DEAR BOB: I am a worried real estate agent. My fear is that the high mortgage interest rates will dry up the market for home sales and I will wind up not making any money. So far I've managed to keep up my sales volume using "creative finance" ideas such as wrap-around mortgages, land contracts of sale, and lease-options. How long do you think these high interest rates will last? Should I look for another job? Lottie M., Chevy Chase.
DEAR LOTTIE: I share your concern. A year ago, average home mortgage interest rates were about 10 percent. Today, they are about 12 percent, and as high as 15 percent in California. In some communities, home mortgage money isn't available at any price due to low usury limits.
Many realty agents are doing as you are. They use creative finance techniques so their buyers can buy with the benefit of the existing mortgage already on the home, often with the help of seller secondary fnancing. The good agents will survive and prosper during the "credit crunch," which may last another six months or so. Unitl then, I don't expect home prices to drop, but volume probably will. When mortgage interest rates decline, be ready for buyer demand to soar. So will home prices, as there will only be a limited supply of homes for sale then.
To take the shock out of high mortgage interest rates, consider the borrower's after-tax cost. For example, suppose a home buyer gets a new mortgage at 13 percent interest. If he or she is in a 30 percent income tax bracket, the tax savings for the interest deduction are about 30 percent of 13 percent which is 3.9 percent, giving an after-tax cost of about 9.1 percent. That's a genuine bargain in today's inflationary economy.
DEAR BOB: I am retiring in a few months and am considering buying a small farm. I sent away for the catalogs of some of the nationwide realty firms specializing in these properties. All the listings sound so good. Without spending a fortune on travel expenses to visit the various offerings, how can I buy one? Can I make an offer subject to inspection? James K., Oxon Hill.
DEAR JAMES: Never buy any property without first personally inspecting it. Since you will be living on your farm, you can't possibly learn its condition, as well as its pros and cons, without a personal inspection. Plan to spend a few days in the area of your contemplated purchase checking out several properties. If you don't, you'll regret it.
DEAR BOB: I enjoyed your recent article on tax-deferred property trades. But you said such exchanges only apply to business or investment property. Is there any way I can trade my home, in which I have about $90,000 equity, for an apartment house? Henry G., Falls Church.
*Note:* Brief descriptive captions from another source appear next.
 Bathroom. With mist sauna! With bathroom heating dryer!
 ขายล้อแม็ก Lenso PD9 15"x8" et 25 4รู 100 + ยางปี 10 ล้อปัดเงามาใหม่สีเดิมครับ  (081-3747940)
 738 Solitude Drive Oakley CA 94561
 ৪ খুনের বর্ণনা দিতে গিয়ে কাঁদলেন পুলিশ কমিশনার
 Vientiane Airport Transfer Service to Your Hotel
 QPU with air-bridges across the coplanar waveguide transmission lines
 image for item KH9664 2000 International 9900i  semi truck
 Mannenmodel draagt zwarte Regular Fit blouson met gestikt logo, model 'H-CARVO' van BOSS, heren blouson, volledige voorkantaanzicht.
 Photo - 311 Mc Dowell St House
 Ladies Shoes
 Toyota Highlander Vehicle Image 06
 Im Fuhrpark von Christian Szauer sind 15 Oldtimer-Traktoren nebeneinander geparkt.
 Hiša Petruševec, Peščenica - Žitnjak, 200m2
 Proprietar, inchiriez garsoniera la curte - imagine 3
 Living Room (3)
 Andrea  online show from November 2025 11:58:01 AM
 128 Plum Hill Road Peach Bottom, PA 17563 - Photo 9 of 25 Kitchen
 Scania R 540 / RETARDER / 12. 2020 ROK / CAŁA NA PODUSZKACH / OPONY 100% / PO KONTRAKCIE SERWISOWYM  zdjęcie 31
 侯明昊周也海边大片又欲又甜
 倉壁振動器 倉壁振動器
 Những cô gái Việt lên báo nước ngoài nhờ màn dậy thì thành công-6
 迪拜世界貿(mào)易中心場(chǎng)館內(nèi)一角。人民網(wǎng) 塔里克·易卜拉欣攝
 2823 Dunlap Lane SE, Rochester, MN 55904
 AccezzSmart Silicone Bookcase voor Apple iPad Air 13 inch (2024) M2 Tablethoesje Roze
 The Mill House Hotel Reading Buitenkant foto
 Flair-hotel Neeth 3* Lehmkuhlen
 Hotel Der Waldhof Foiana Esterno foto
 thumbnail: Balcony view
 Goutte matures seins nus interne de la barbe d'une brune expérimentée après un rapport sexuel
Dear HENRY: Yes. But you'll have to first convert your home into investment property. This is done by moving out and renting it to tenants. You can then trade it for "like kind" investment or business property of greater value, such as apartments, offices, stores, or even vacant land, and defer paying the tax on your profit.
But a direct, tax-deferred trade of your personal residence for investment or business property can't qualify for a "like kind" tax-deferred exchange using Internal Revenue Code section 1031. That's why you must first convert your home into investment or business property before trading it. Ask your tax adviser to explain further. b
DEAR BOB: I own some Florida lots which, I'm convinced, are worthless. For three years I've tried to sell them myself and I've had them listed with real estate brokers too. Is it true that if I abandon them to the county for back property taxes, I can take an income tax loss for my investment? Aaron V., Falls Church.
Dear aaron: Yes. Internal Revenue Code section 165c permits such loss deductions on your tax returns. Consult your tax advisers so you don't abandon your property the wrong way and incur a tax liability.